Provided records Block Start

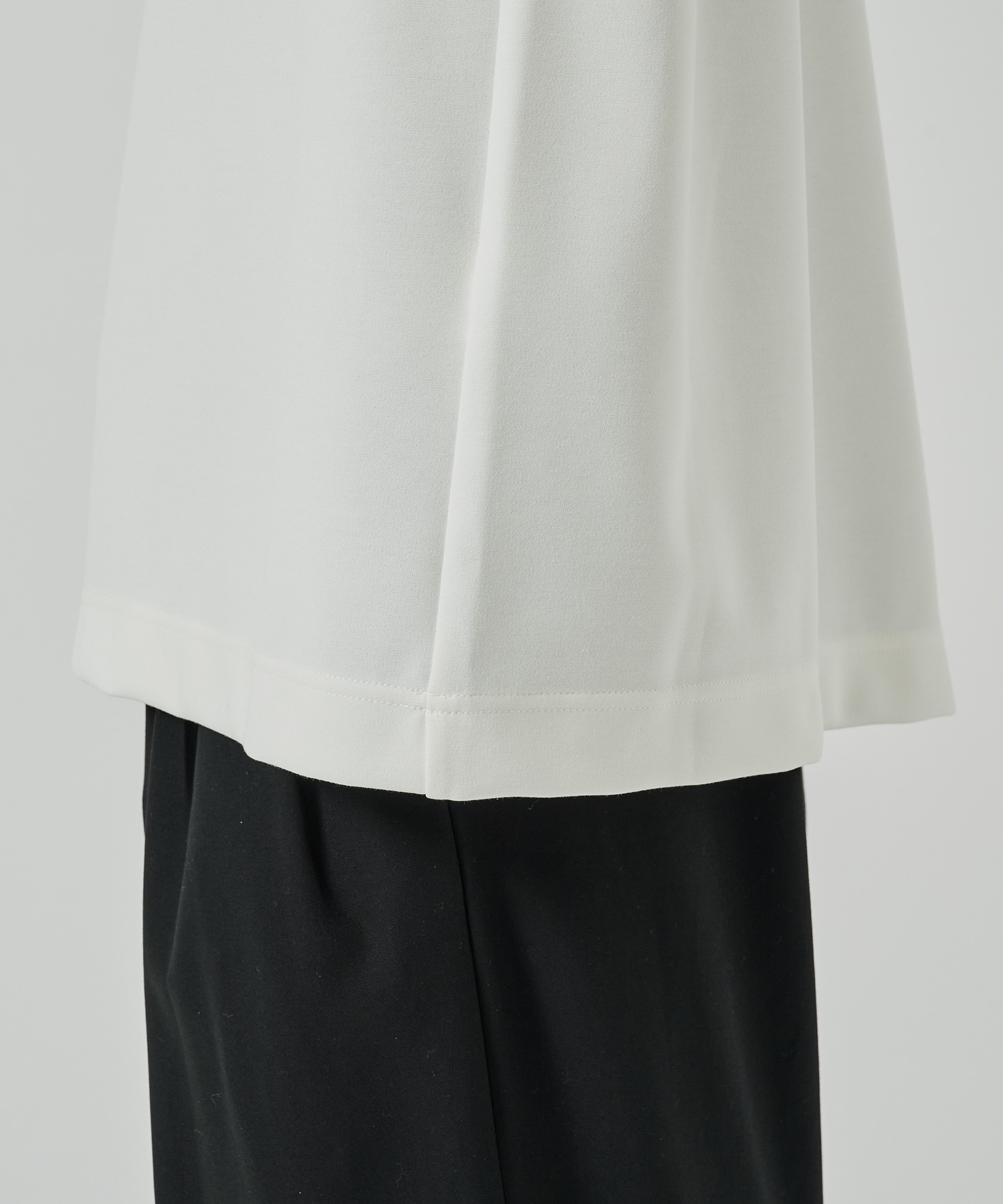 CULLNI ＆ shareef Logo Embroidery Pullover | CULLNI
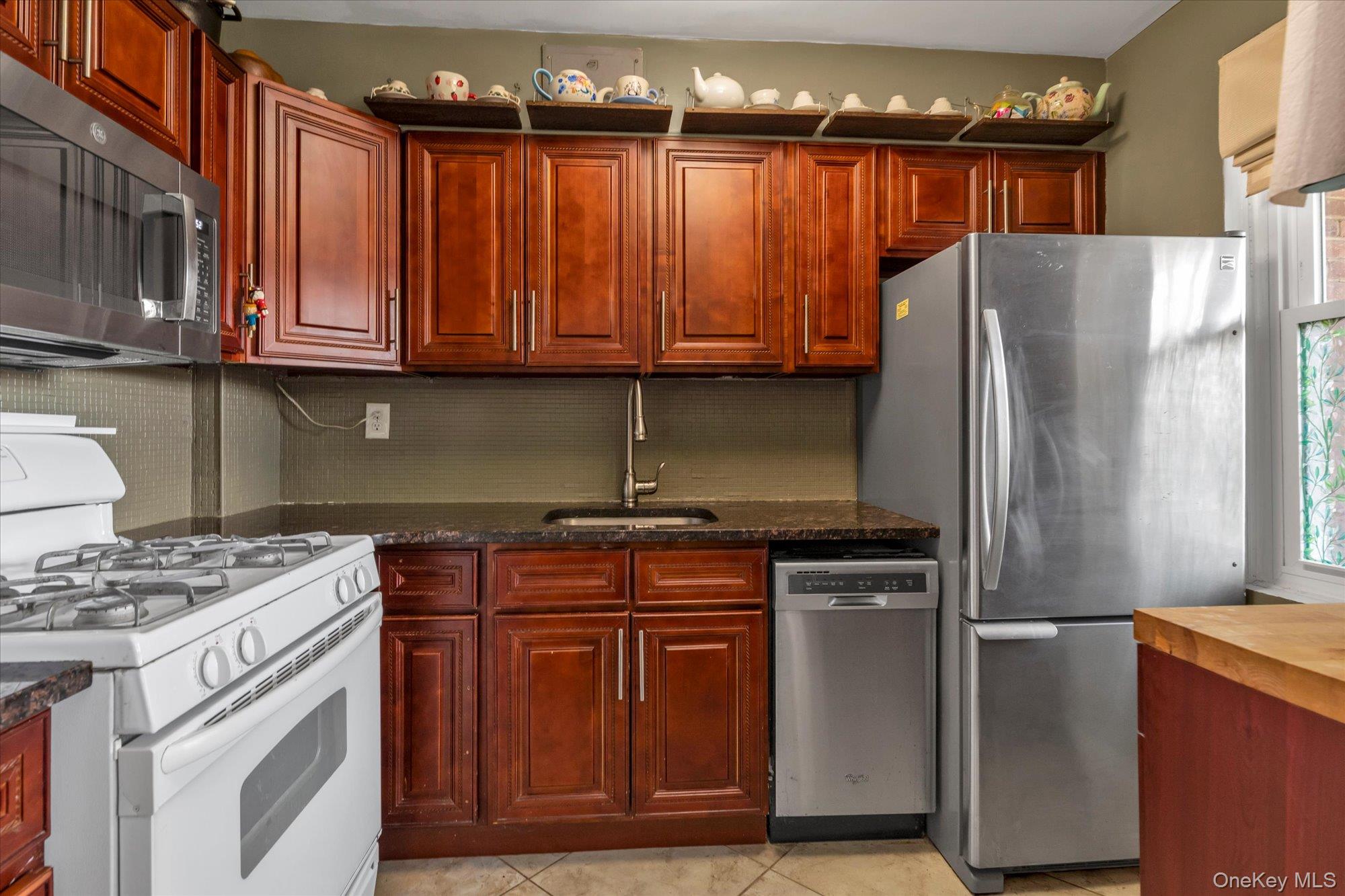 14908 Union Turnpike 19c Property Photo 7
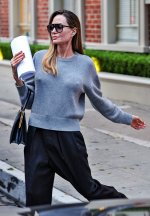 Angelina_Jolie_Out_in_Los_Angeles_01-19-2024__17_.jpg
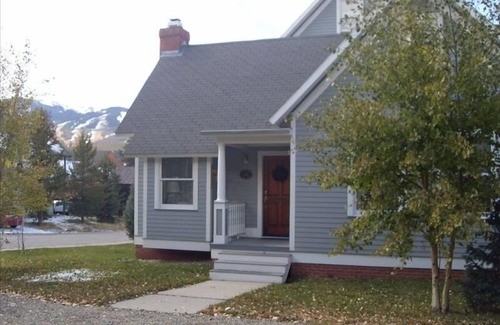 Historic District Cabaña | Casa de huéspedes romántica en el distrito histórico de Breckenridge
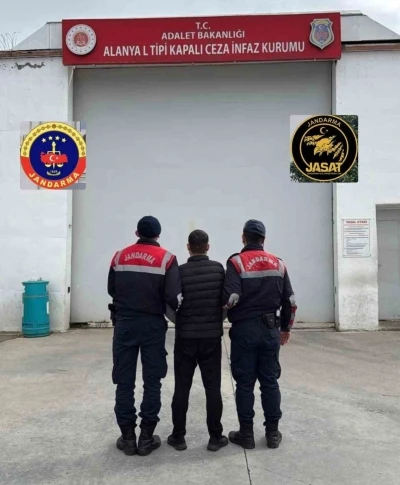 Alanya&rsquo;da 20 yıl kesinleşmiş hapis cezası bulunan h&uuml;k&uuml;ml&uuml; yakalandı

Provided records Block End

What you will do - Only these lines belong in the answer: the first line of the listing above through the line holding "Historic District Cabaña", printed exactly and without pictures.

Solution -
 CULLNI ＆ shareef Logo Embroidery Pullover | CULLNI
 14908 Union Turnpike 19c Property Photo 7
 Angelina_Jolie_Out_in_Los_Angeles_01-19-2024__17_.jpg
 Historic District Cabaña | Casa de huéspedes romántica en el distrito histórico de Breckenridge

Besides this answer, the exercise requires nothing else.